Performance, limitations and what to expect. With strong DVB-T or high-power FM you can see vehicles within a few tens to a few hundreds of kilometers under favorable geometry. Shorter ranges and dense clutter require tighter antenna patterns and better clutter cancellation. Resolution depends on available signal bandwidth; combining multiple frequencies can improve range resolution. Passive systems cannot control the waveform, so you must adapt to each illuminator’s structure and variability. Also remember that covert detection does not mean perfect detection; low RCS or unfavorable bistatic geometry will reduce visibility.
A short note on ‘stealth’ and bistatic effects. Stealth shaping and radar-absorbing materials are designed against monostatic radars where transmit and receive are collocated. In bistatic or multistatic setups the target’s radar cross section can change significantly with aspect and geometry. Passive radar can therefore provide complementary detection capability in some scenarios, but it is not a universal counter to low-observability designs. Geometry, frequency and polarization matter.
Safety, legality and ethics. Passive radar is receive-only and therefore less likely to trigger regulatory alarms, but you must still obey local laws about surveillance and privacy. Do not attempt to decode or publish someone else’s communications. Avoid active transmissions or jamming. If you plan to track aircraft or drones, respect airspace privacy rules and local regulations. When in doubt, check your country’s communications authority guidance.
Next steps and experiments to try. 1) Reproduce a published DVB-T demo with recorded data and a cross-ambiguity post-processor. 2) Try different illuminators: FM for local traffic detection and DVB-T for longer-range airborne targets. 3) Add a third receiver or a second transmitter frequency to improve localization via multi-static geometry. 4) Explore basic tracker association from the range-Doppler tracks to form short term tracks. 5) Profile processing blocks and consider GPU acceleration for real-time operation. The active hobbyist projects and papers cited below provide code you can adapt quickly.

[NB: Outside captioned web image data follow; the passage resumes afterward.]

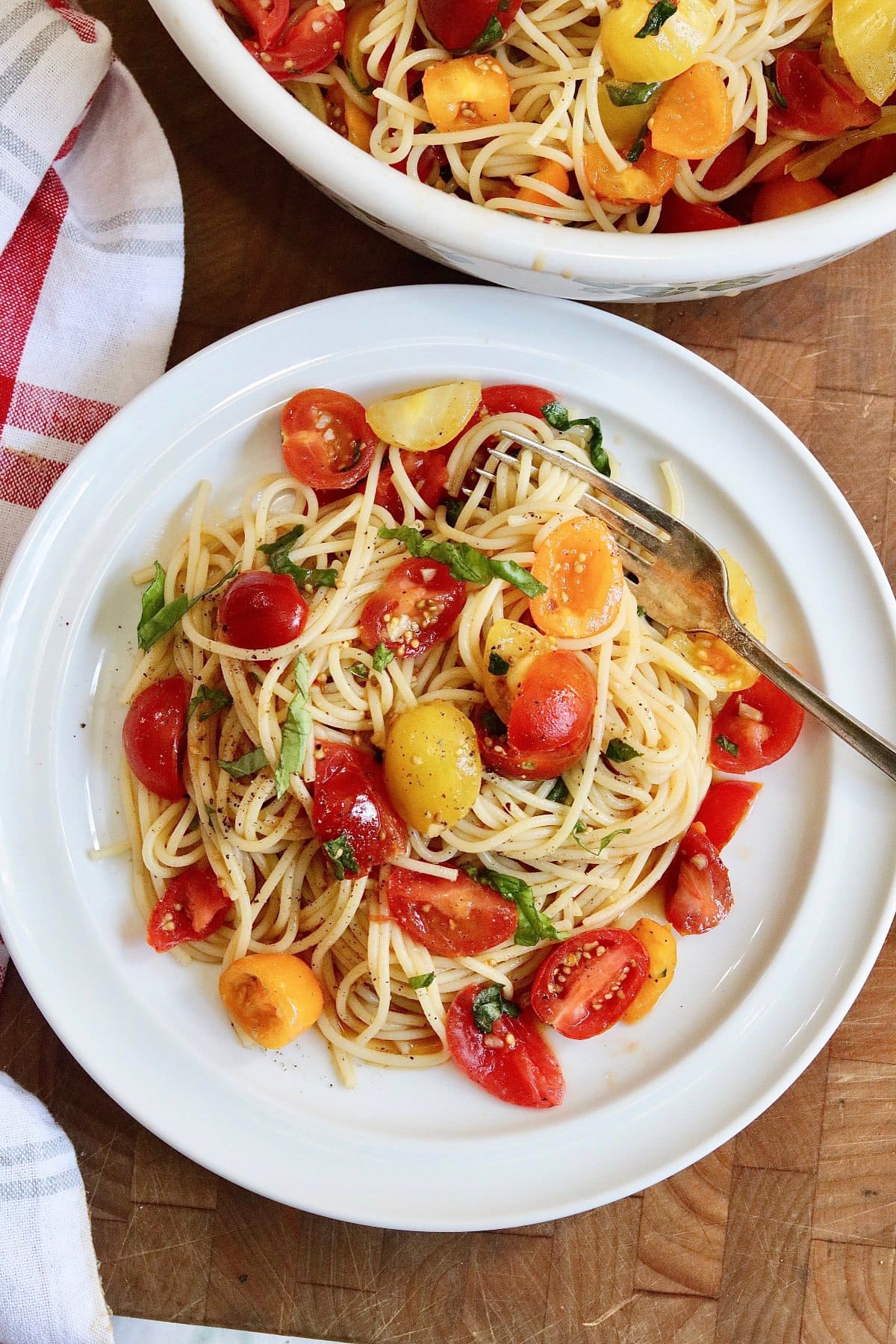 cherry tomato pasta with hot spaghetti on plate with a fork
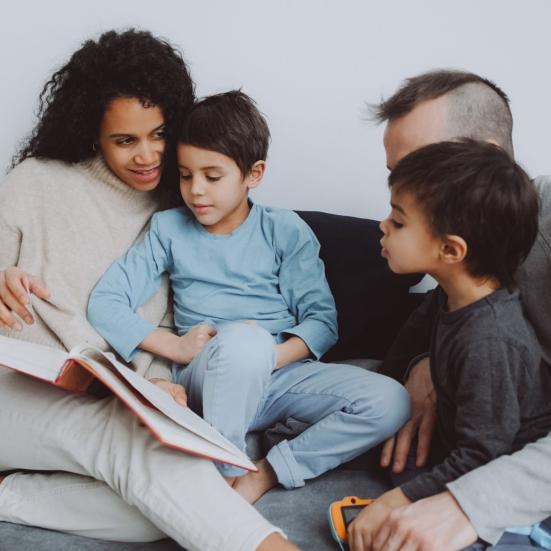 Familie sidder sammen i sofaen og læser en bog højt.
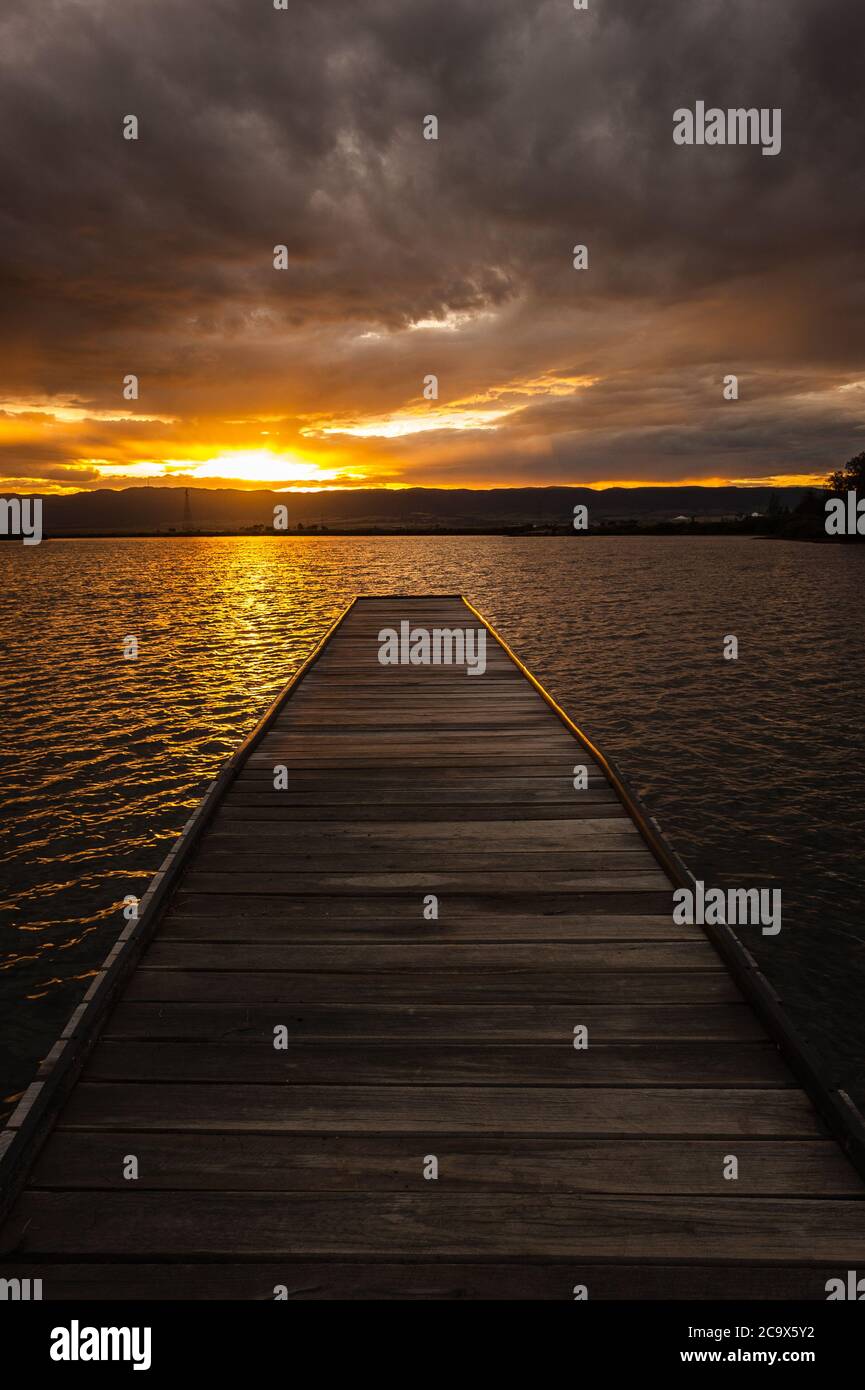 Vista del tramonto lungo un molo in legno sul lato occidentale del porto di Port Pirie, nell'Australia Meridionale. Foto Stock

Final word. Passive radar gives hobbyists a credible, technically rich path into radar concepts without transmitting. It is a good exercise in RF front end design, synchronization, and digital signal processing. Start small, reuse open code, and respect legal boundaries. If you approach it methodically you will be able to build functional passive range-Doppler displays and understand the limits of passive sensing in contested or stealthy environments.